The forest trail had survived worse. Mountain forest snowstorms are often the last vestiges of snow and ice, clinging until deep July. Frozen land. Thawed land. Animal bones litter these parts. Years of shoes, mountain bike tires, paws, and hooves wear their curves into the land's memory.
A few days after the winter inversion lifted, I went for a trail run with the dogs. The familiar firmness of winter dirt was not there. Instead, the ground gave way—straight down, no warning, no slide. Just a sharp crunch, and my feet kept dropping into the ground, like a spoon cracking the top of creme Brule. It was as if the earth had exhaled each time my feet hit the trail.
I adjusted, slowed, and paid attention. The earth could not hold me: crunch, pop, hollow sounds. The ground was lying.
What unsettled me wasn't the sensation itself but how quickly my body lost trust. Muscles tightened. Balance recalibrated. I began walking the way you do on unfamiliar ice, even though there was no ice to see. The ground had changed its rules without telling me, and my body knew it before my mind could catch up.
The rocks on the trail finally stopped me. They had fallen straight down into the trail, leaving behind precise outlines of their negative space. Not scattered, not rolled away—just dropped, straight down. The earth held them, then let them go, just as all lives lived.
Our typical knowledge is
ground = compresses;
ice = shatters.
This was
ground = shatters.
Photos from my personal archive of the Cascade Range: (left) long shot of wintry mountain range; close-up of thawing ground; frozen fog on forest road; night skiing lights on mountain ridgeline.
Ice formed in the dark. Water migrated upward. Structure rearranged itself while I went on with my days, unaware. Ice had formed not on the surface but inside the soil itself; thin sheets stacked as a quiet architecture (i.e., ice lenses). When the sun returned, it softened only the top layer, leaving a crust-over emptiness. Welcome to a freeze-thaw segregation of soil physics.

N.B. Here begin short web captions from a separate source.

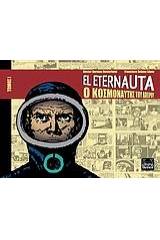 El Eternauta: Ο κοσμοναύτης του απείρου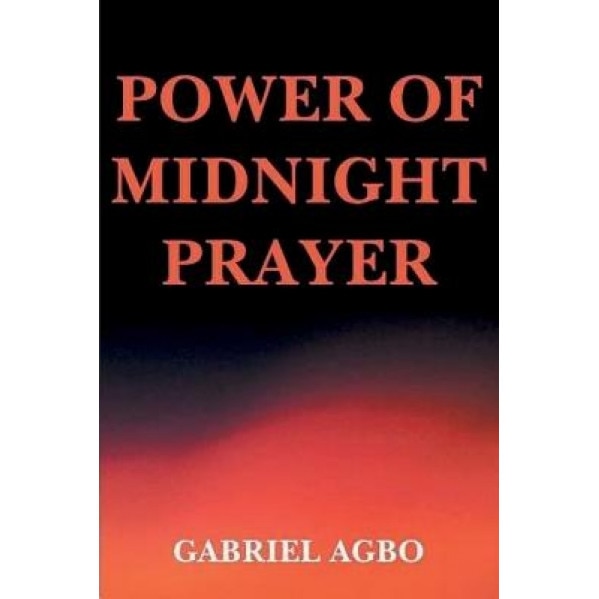 Power of Midnight Prayer - Gabriel Agbo (Author)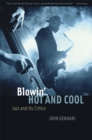 Image for Blowin&#39; hot and cool  : jazz and its critics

My point load was ruining the trail; normally, it's spring, when the land managers advise staying off the trails to prevent destroying surface uniformity. But here I totally ruined it in winter.
I kept thinking about how I trusted the ground when I wasn't next to a slope. How much of my life do I move through it that way, assuming support is inherent rather than conditional? Assuming what holds me up today will hold me tomorrow simply because it always has.
We often think of collapse as something dramatic. Loud. Sudden. But this wasn't that. This was quite weak. A slow exchange of one state for another. A surface that continued to look like itself long after it had lost the ability to bear weight.
The trail will recover. The soil will settle. The ice will disappear completely. From the surface, nothing will mark where the ground once gave up. It won’t remember me, but it will stay with me.